A Sephardic Jew, he was imprisoned in various Nazi concentration camps, between the ages of 19-23. He was the sole survivor of his immediate family. He told stories of having barely survived random executions. After an attempted escape from one camp, a selection of prisoners were lined up; every third one was to be shot. A guard miscounted, and Allina survived. After another group of prisoners were caught trying to escape, Allina, who had been sent on an errand, was counted among the escapees. He was the final prisoner to have the hangman's noose placed around his neck, but at the last second that prison guard vouched for him, saving him for his usefulness in speaking Czech, German and Russian. This was the theme of his life, his ability to survive.

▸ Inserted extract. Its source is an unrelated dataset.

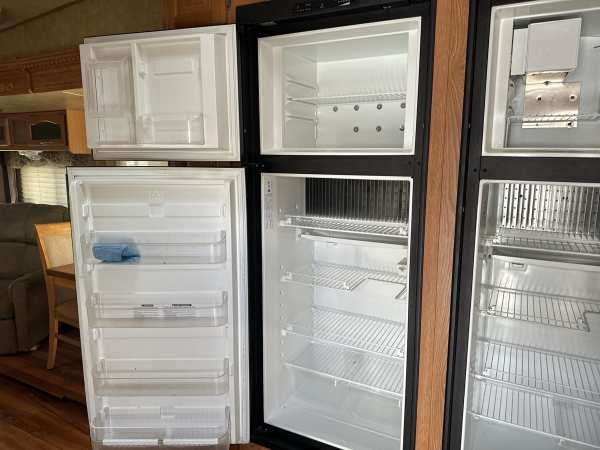 2008 Forest River Cardinal 35SB - Image 25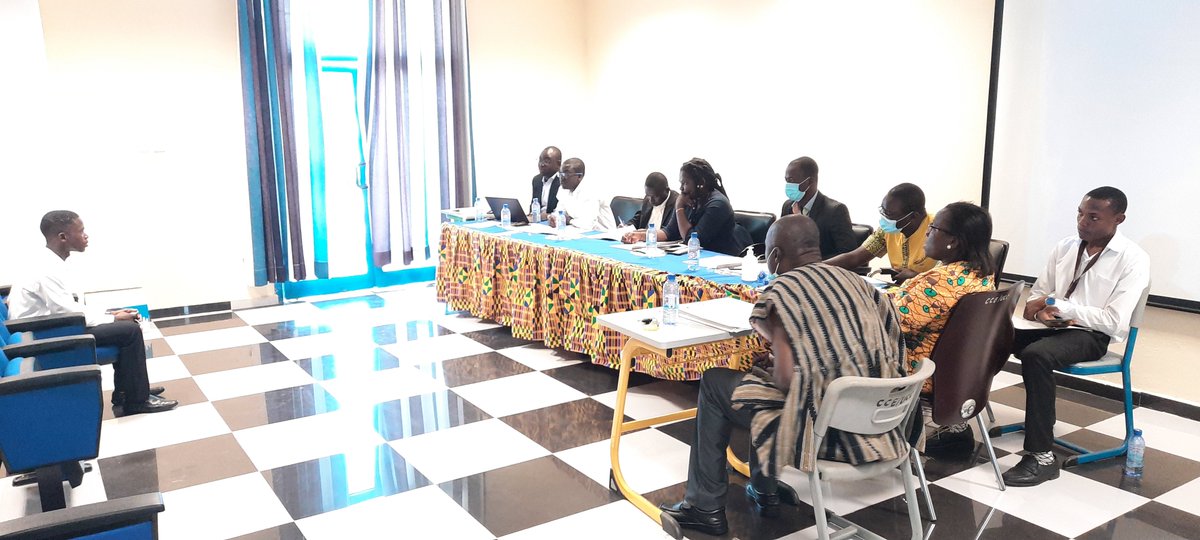 sopps_ucc's tweet image. SoPPS-UCC panelist interviewing the 2020 level 100 applicant. #SoPPS-UCC #UCC #UniversityofCompetitiveChoice #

In the post-war period, he emigrated to the United States and settled in New York City. He learned English by watching Tom Mix movies over and over again. After working his way through the slaughterhouses in New York during the 1940s, he eventually found himself working for Pez Candy, a subsidiary of Haas Foods, an Austrian-based company. At that time, Pez was successful in Europe, but going nowhere in the U.S. Allina went from an on-foot sales rep. to running Pez's North American operations for nearly 30 years.

It wasn't until he had the idea of putting character heads on dispensers and filling them with child-friendly flavors that the company really took off. Allina is responsible for making Pez into the pop culture icon that it became. The first sculpted Pez dispensers (the candy had previously been distributed in tins and "regular" dispensers styled to resemble cigarette lighters) were introduced in 1955: Santa Claus, and a Robot.

His travels took him to the square in Cuba the day Fidel Castro marched in, and was present in Argentina listening amongst the crowds to Eva Perón's final speech. Later in his life, he participated in and was filmed for Steven Spielberg's Shoah project.

Allina opted to move to Washington State for the latter part of his life, saying he felt a calling to go there. Perhaps it reminded him of the countryside in Vienna where he spent his childhood.

Allina died at 87 in December, 2009. He lived in Olympia, Washington.